The immediate connection between a camera and the world is the lens, this is the conduit for light and Leica are widely regarded as producing the finest glass lenses in the world. It is this globally acknowledged expertise that spurred Huawei to consult Leica for their latest smart phone lenses and Leica also recently announced their partnership with Panasonic and Sigma on the new L-Mount that will see these three companies producing interchangeable lenses.
The Leica Leitz Park is photographic heaven, especially for those photographers who grew up on film, a 3 dimensional architectural evocation of a period in history where photographs as prints were revered as artworks, as well as moments shared, like the tangible artworks exhibited in the museum. A must see for all Leica fans and those that wish to experience the heights of photography throughout the last hundred or so years. As mentioned earlier it was exactly as I imagined it to be and it is rare and heart warming when reality lives up to our dreams.

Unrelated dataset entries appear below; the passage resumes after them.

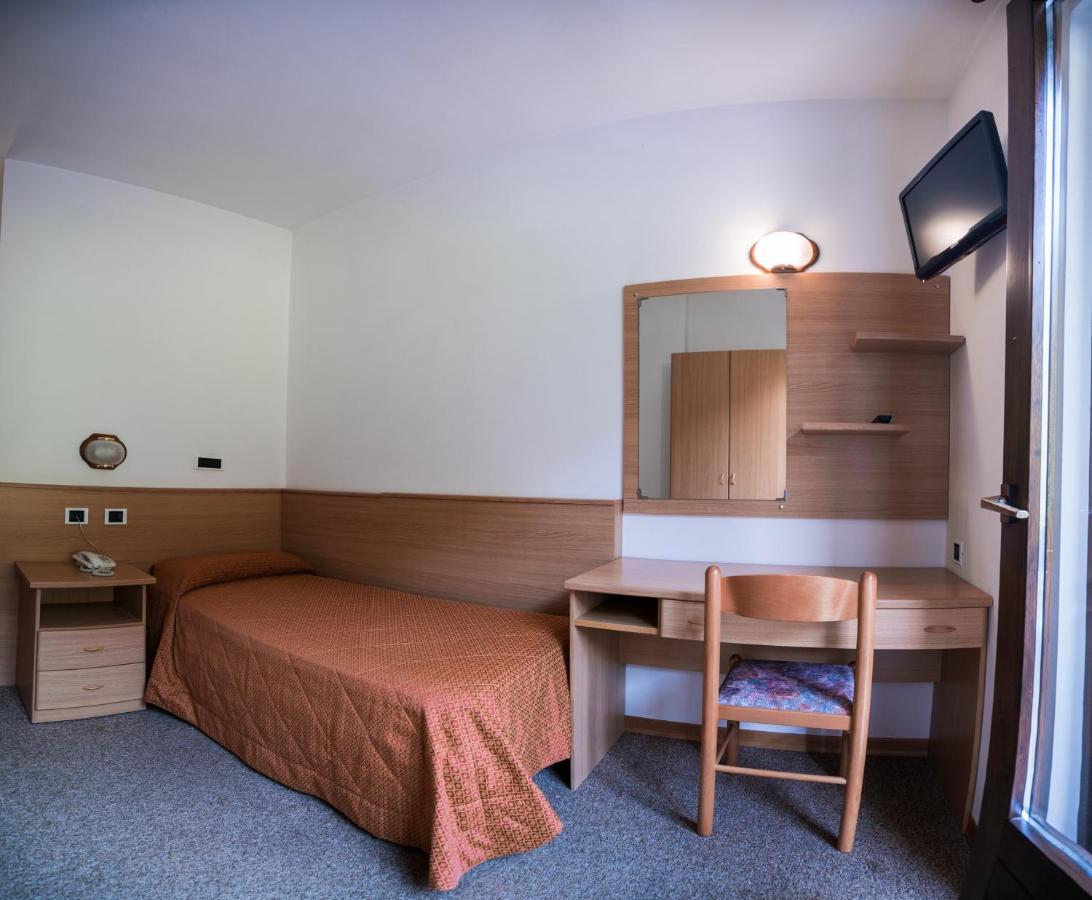 Hotel Rio Кадерцоне Экстерьер фото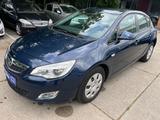 Opel Astra J Lim. 5-trg. Selection.1HAND - Opel Astra aus 2011: J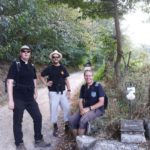 Les pèlerins posent pour une photo dans la nature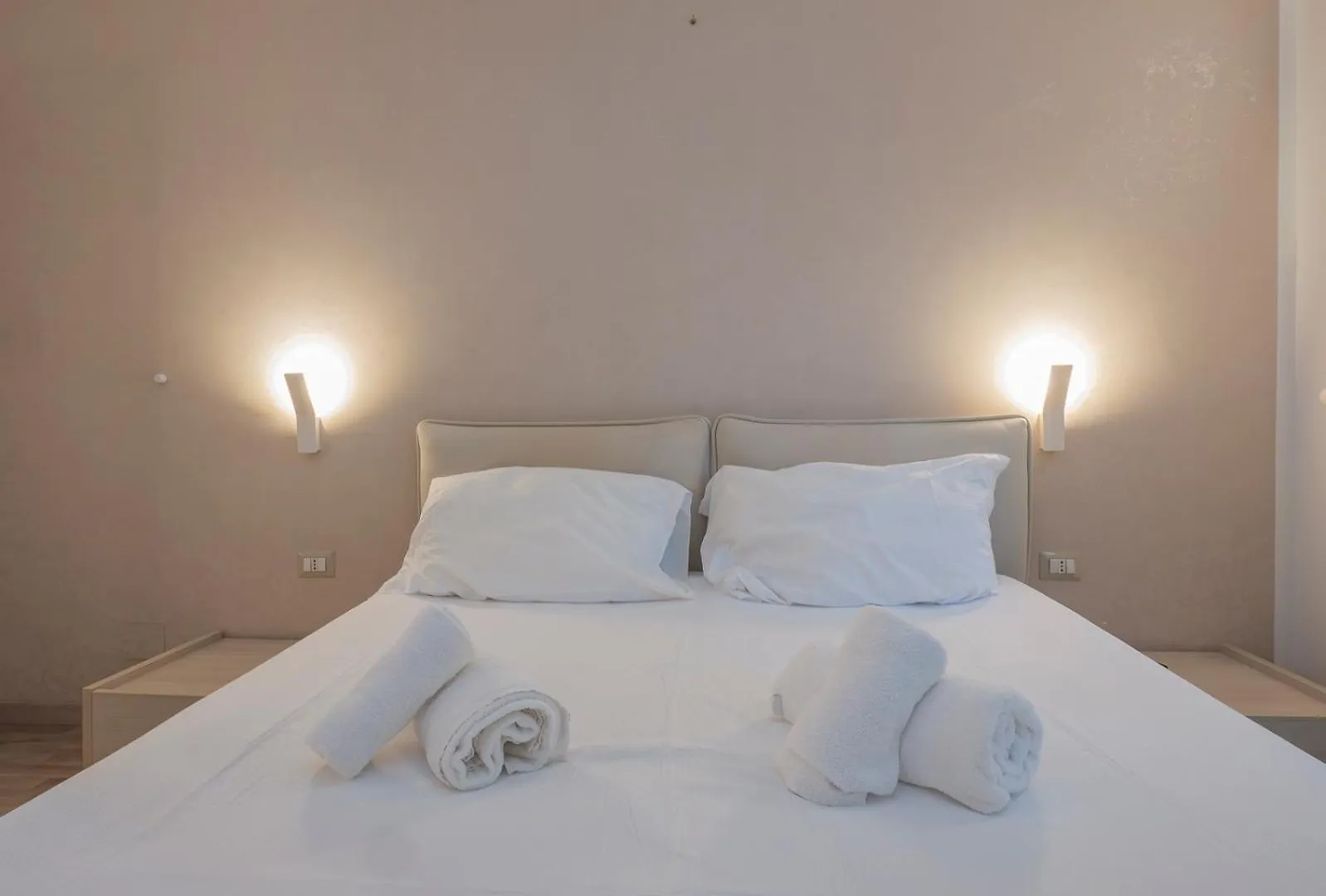 I Host Apartment - Della Torre 9 Milan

The Leitz-Park complex is open all year round and offers visitors inspirational exhibitions of exceptional photography, unique insights into the factory and the history of the company, guided tours, photography workshops and much more.
If you wish to further explore the area surrounding the Leica factory I highly recommend the Heyligenstaedt restaurant nearby in Gießen, the food is exquisite. I had a huge octopus with legs a foot long and two inches wide, exceptionally soft and succulent, pretty much the best octopus I’ve ever had and in Germany no less. The main course of goose was tender, rich and perfectly cooked with a delicious dark sweet sauce and the accompanying local white wine was excellent. The decor was art gallery style with exposed brick walls and the service was attentive and friendly.
They also have a jolly Christmas market in the nearby hamlet of Wetzlar, with chalets offering all sorts of Christmas gifts surrounded by traditional German architecture. There’s even an ice rink right in front of the gothic church, to complete this picture postcard scene. Frankfurt is only 45 minutes away too and they have a massive Christmas market with a tremendous selection of decent gifts with simply enormous Christmas trees everywhere. There are numerous food and wine stalls with gluvine or hot chocolate, including giant pretzels covered in chocolate. The stalls sell hats, scarves (this was doing brisk business), trinkets, jewellery, wooden toys, pastries, bratwurst, sauerkraut, gloves, xmas decorations, heart shaped “Kiss Mich” ginger bread and impressive ginger bread houses with witches.
These markets are rich in colourful landscapes and people, so perfect to capture on your new Leica.
All images above shot on the Leica CL.